# When to trust them in the water!?



## Abbydabbydo (Jan 31, 2007)

You are not overreacting. I watch mine pretty closely when we are on the sandbars in the river. Their is current to deal with and they can certainly get tired and disoriented. If they are in high prey drive (chasing birds and stuff) I make sure I call them back (and they do come) before they get out too far. There are always two of us or more in the boat, so we can make sure they don't jump out. Generally if they get some good playtime first they are content to hunker down and nap for a boat ride. Have fun and be safe and let us know how the life jackets go. Mine HATE them.


----------



## fostermom (Sep 6, 2007)

All of my dogs have been off leash at the lake from the beginning. Jasmine looked like a baby seal at 4 months old when she took her first swim. Jasper was about 6 months old when I first took him up to the lake. He does very little swimming, he prefers to wade. It took Danny about 4-5 trips up to the lake to actually learn to swim, so he was probably 7 or 8 months old when he first figured it out. And then he had to figure out how to turn around and come back. He also had to remember to kick his back feet! Sometimes he would just start to sink, but I was always standing right there, not that I had to rescue him or anything. He figured it out. Now I can't keep him out of the water if I wanted to!
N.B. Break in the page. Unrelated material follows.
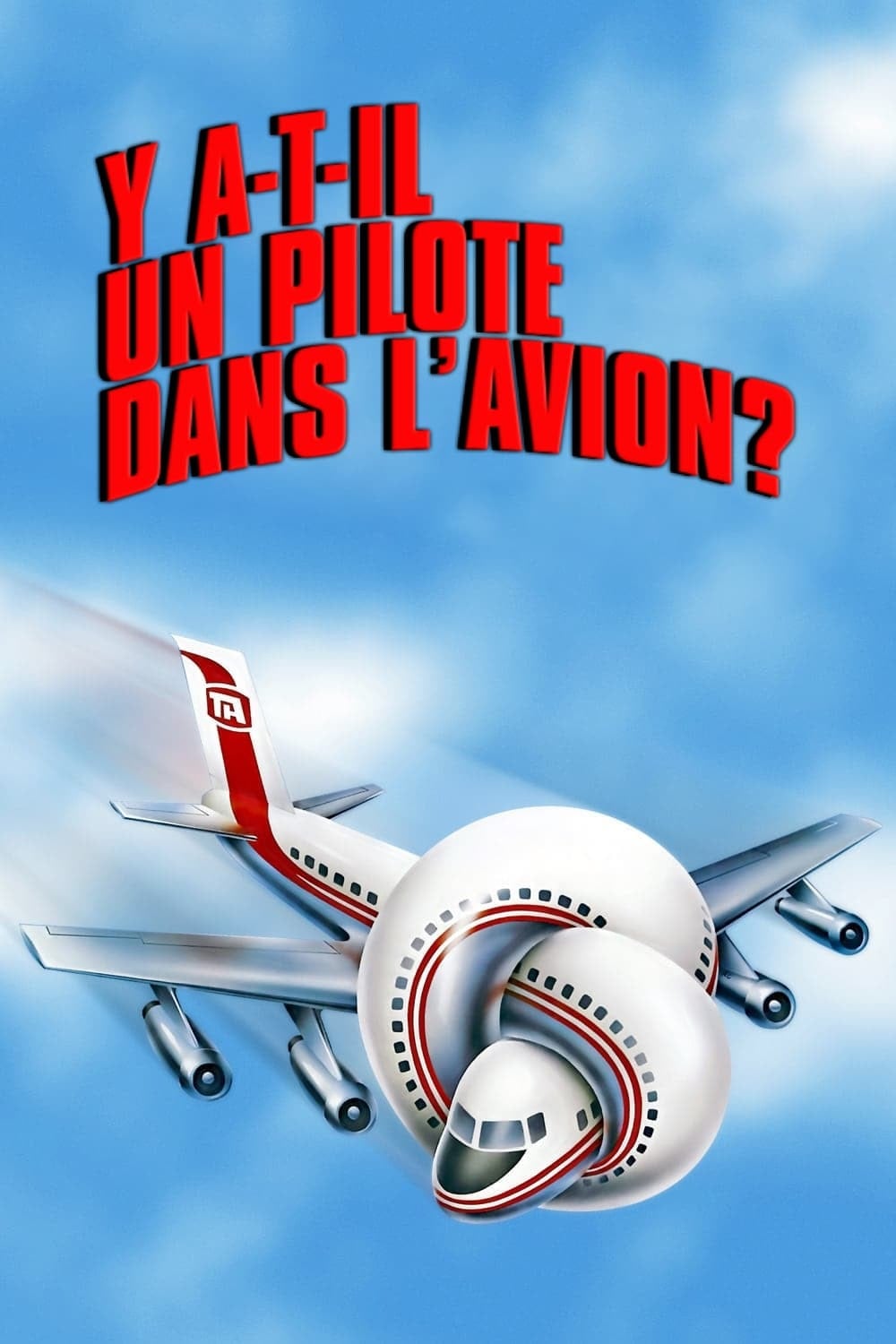 Poster de Y a-t-il un pilote dans l'avion ?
In other words, he will get it. I personally feel that if you are in a safe area, you need to trust your dogs to come back to you. Unless you have a true "runner" who will not come to you when called.


----------



## Merlins mom (Jun 20, 2007)

Thanks to both of you for your comments. I do want to trust him, and do in most situations. We'll see how it goes at the beach, how he reacts to the waves. And probably for this first time we'll keep a leash on him...unless the sea is calm and there are NO people (which is very doubtful...LOL). 
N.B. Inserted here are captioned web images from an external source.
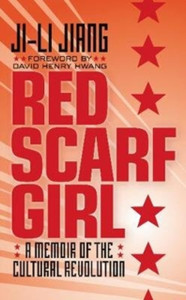 Red Scarf Girl (rpkg) : A Memoir of the Cultural Revolution Red Scarf Girl (rpkg) : A Memoir of the Cultural Revolution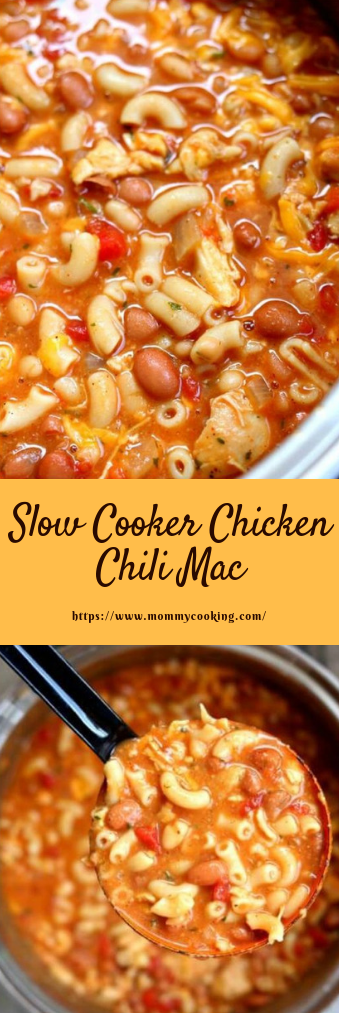 slow cooker chicken chili mac #dinner #chilimac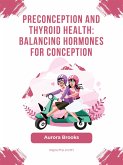 Preconception and Thyroid Health- Balancing Hormones for Conception (eBook, ePUB)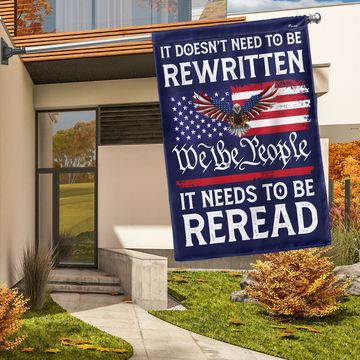 Discover It Doesn't Need To Be Rewritten It Needs To Be Reread We The People Flag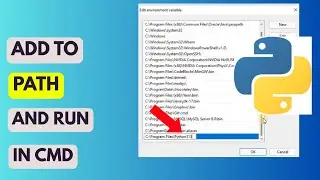 How to Add Python Installation to Path Environment variable in Windows 11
I'll be glad when the lake water warms up and we can head out early to a little island and just let him go!

We're off to the pet store to try on a doggie life jacket!


----------



## LibertyME (Jan 6, 2007)

Outward Hound makes a nice lifejacket...


----------



## spruce (Mar 13, 2008)

I'm lucky to have an older lab (hardheaded, but will come) to help. 1st time OB was in calm water other than river he kept swimming "down stream" and we had to send Sadie after him.

recently a woman was drowned wading due to undertow at nearby ocean beach --- I'm sure gunna check tides before we take the kid to ocean.


----------



## Bob-N-Tash (Feb 24, 2008)

If I take the dogs to the beach but don't let them in the water it isn't much fun for them. Not being a good swimmer one of the things that I pay attention to is whether the tide coming in or going out. Much easier to make it back to shore when the tide is coming in.


----------



## K.J. (Nov 30, 2007)

We usually take Jenny to the beach at least once a week.. she's been swimming since about 12 weeks, and has never got taken away from the shore.


----------



## Jo Ellen (Feb 25, 2007)

I think you're pretty safe at a lake. Dogs are so smart, they have very good senses. And you'll probably find that Merlin will not want to be that far away from you. He'll come back well before he gets tired 

The ocean and rivers, those are different because of the currents. I'd be nervous myself about letting my dog swim off lead where she could possibly be swept away. 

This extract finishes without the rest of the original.